This sounds very much like "peaceful coexistence" that China advocates.

The NDS makes no mention of Taiwan and while deterrence remains the objective, the language and tone is different, perhaps reflecting the more optimistic outlook in the wake of the Trump-Xi Jinping summit held in Busan on November 30, 2025. The NDS makes the point that it would be unrealistic to think "that a threat to a person halfway across the world is the same as to an American."

Taken together, these articulations in the NDS can hardly be reassuring to Taiwan and US allies and partners in the Indo-Pacific.

To the extent that a shared concern over the expansion of Chinese power in the Indo-Pacific was a significant component in the perceived strategic convergence between India and the US over the past 25 years, the emerging and more positive equation between the US and China will necessitate significant readjustments in our foreign policy posture.

One such adjustment entails a broader and deeper strategic partnership with Europe, for which the fear of abandonment by the US has turned into a dangerous reality. The NSS and the NDS have relegated Europe to the geopolitical margins and made it clear that Europe will have to look after its own security. Worse, in Davos, Trump made it clear that even minimal support from the US was conditional upon Europe persuading Denmark to accept US sovereignty over Greenland, which Trump considers indispensable to western hemispheric security. The NATO allies were served up insults and abuse and threatened with another round of tariffs. They were accused of preventing peace in Ukraine.

Historians of a later time may well see Davos as an inflection point, when the West, as we have known it for at least the past century, had come to an end. When Canadian Prime Minister Carney described our current situation as representing a "disruption" rather than a "transition", he was not off the mark. India should take his suggestion seriously that the "middle powers" should work together to shape a new international order. Otherwise, as he warned, if they are not at the table, they are probably on the menu.

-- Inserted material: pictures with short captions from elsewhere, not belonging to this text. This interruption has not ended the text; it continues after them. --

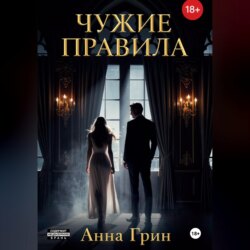 Чужие правила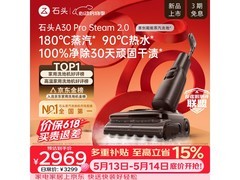 石头A30 Pro Steam 2.0洗地机直降千元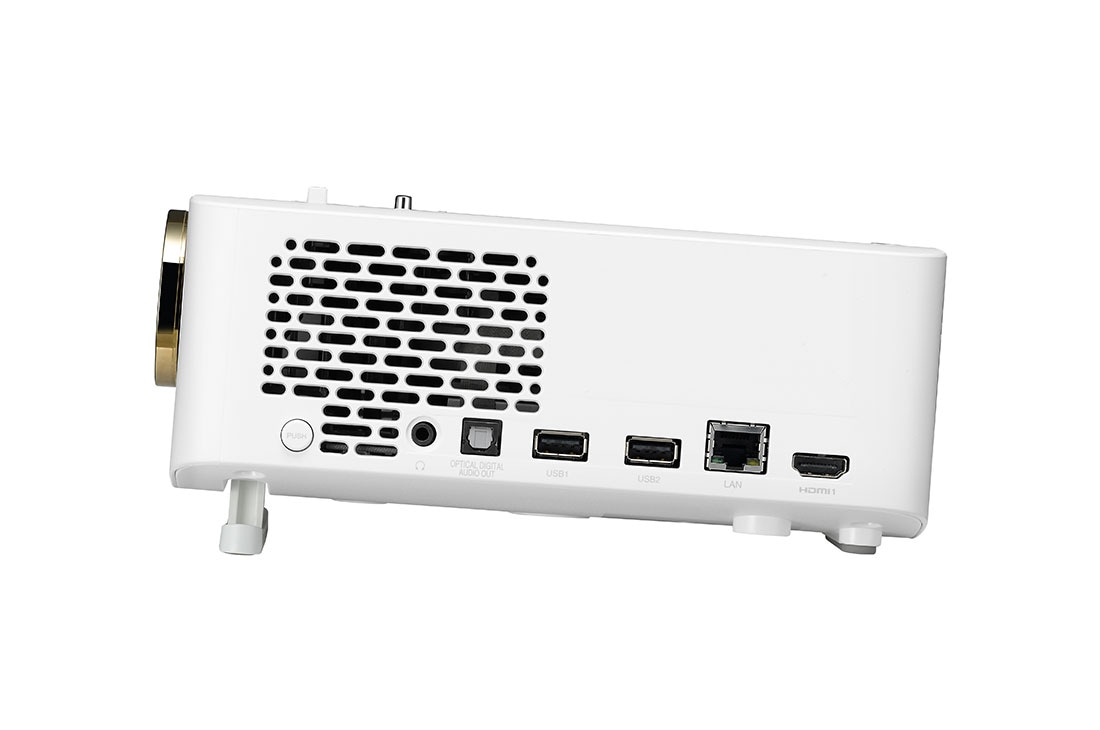 Proyector HF60LSR - LG CineBeam (hasta 120
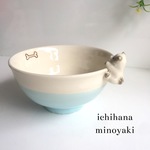 わんわん茶碗  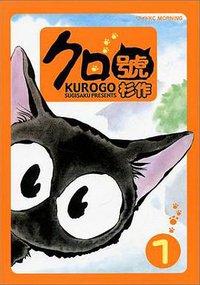 クロ號（1） (講談社 2001)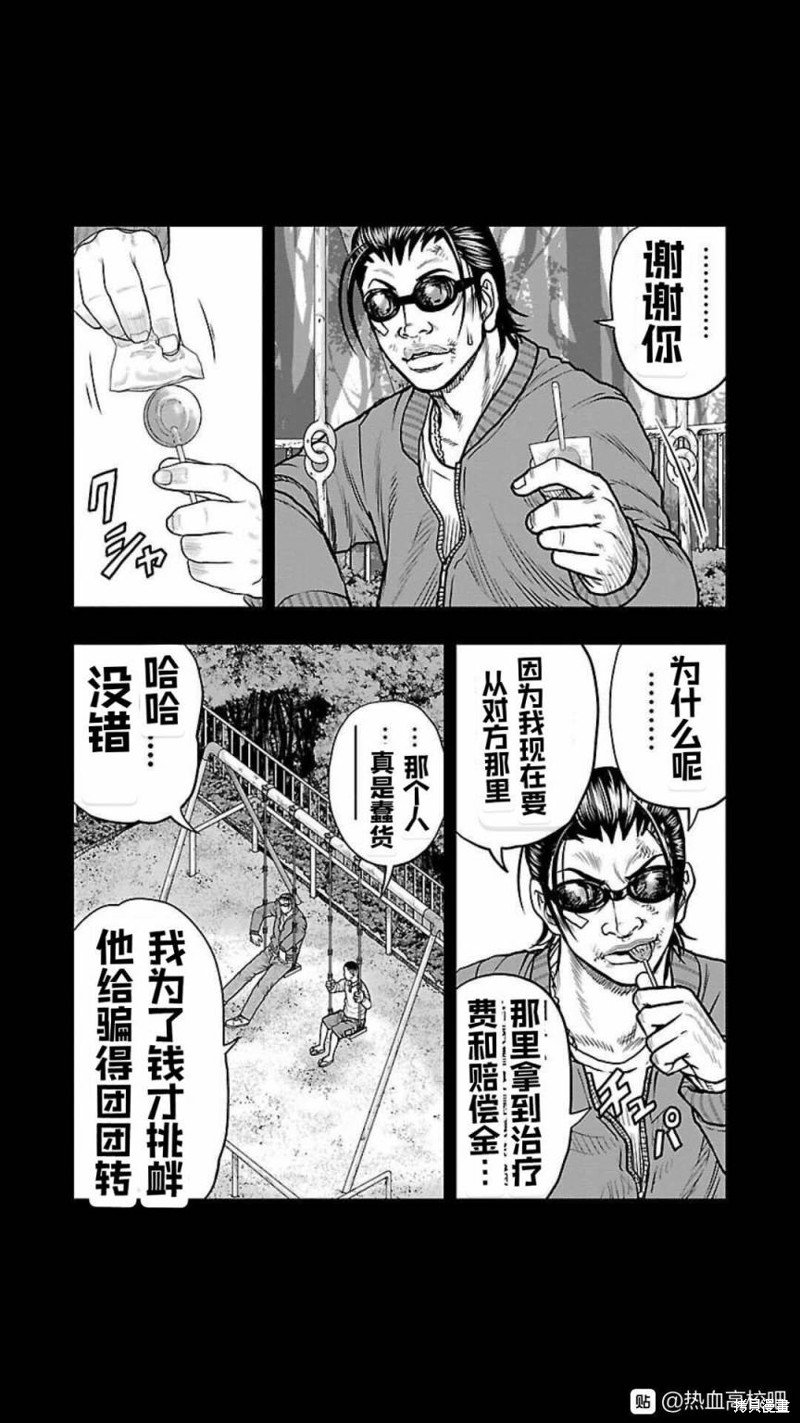 第126话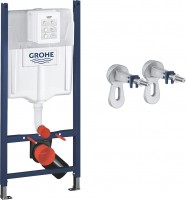 Купити інсталяція для туалету Grohe Rapid SL 388400WG  за ціною від 5099 грн.
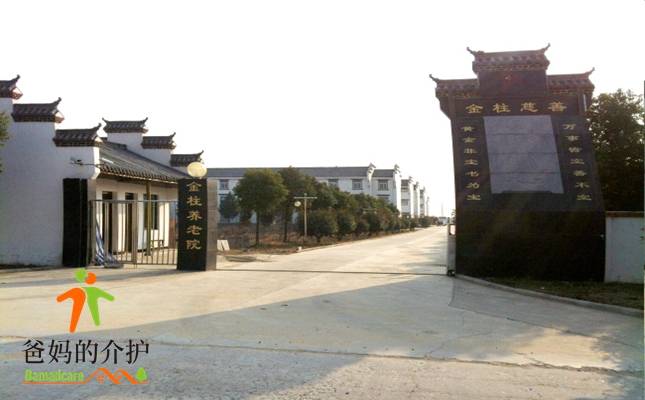 合肥市庐阳区金柱养老院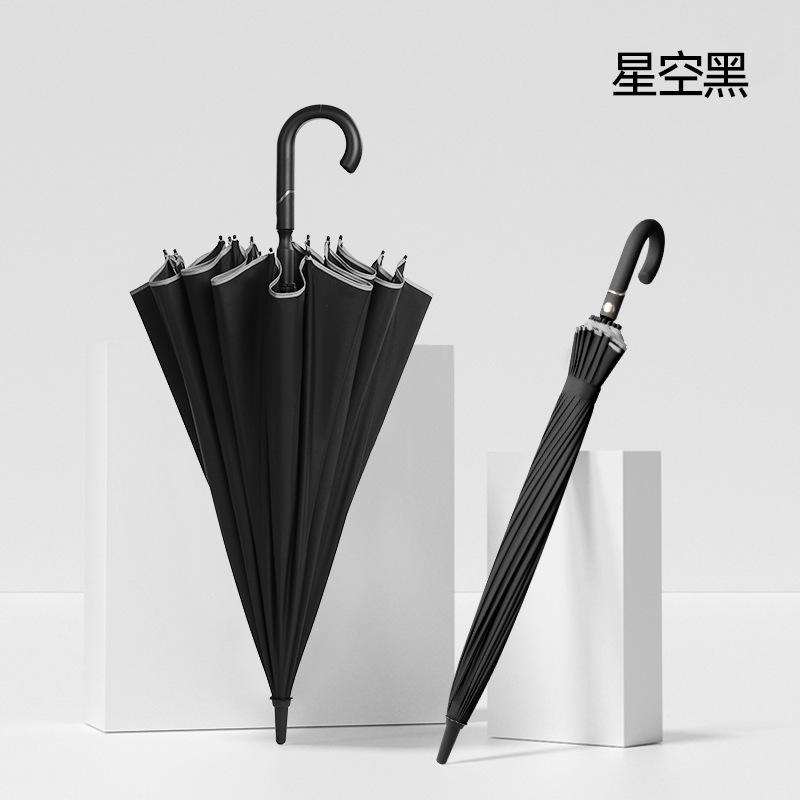 New 16-bone Umbrella One-piece Umbrella Parasol Long Handle Umbrella Hand Open Umbrella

The Europeans are in a particularly vulnerable spot as they are threatened from three sides — Russia, China and now a hostile US. But India is vulnerable, too. There is a compelling logic to an India-EU axis and India has done well to extend a spectacular welcome to Antonio Costa, President of the European Council,  and Ursula von der Leyen, President of the EU Commission, as chief guests at the Republic Day function.

Another part of the coping strategy would be for India to give top billing to the forthcoming BRICS summit that it will host in July. It will be a gathering of some of the middle powers that the Canadian PM spoke about. A BRICS-EU-Canada forum in the future is not beyond the realm of possibility.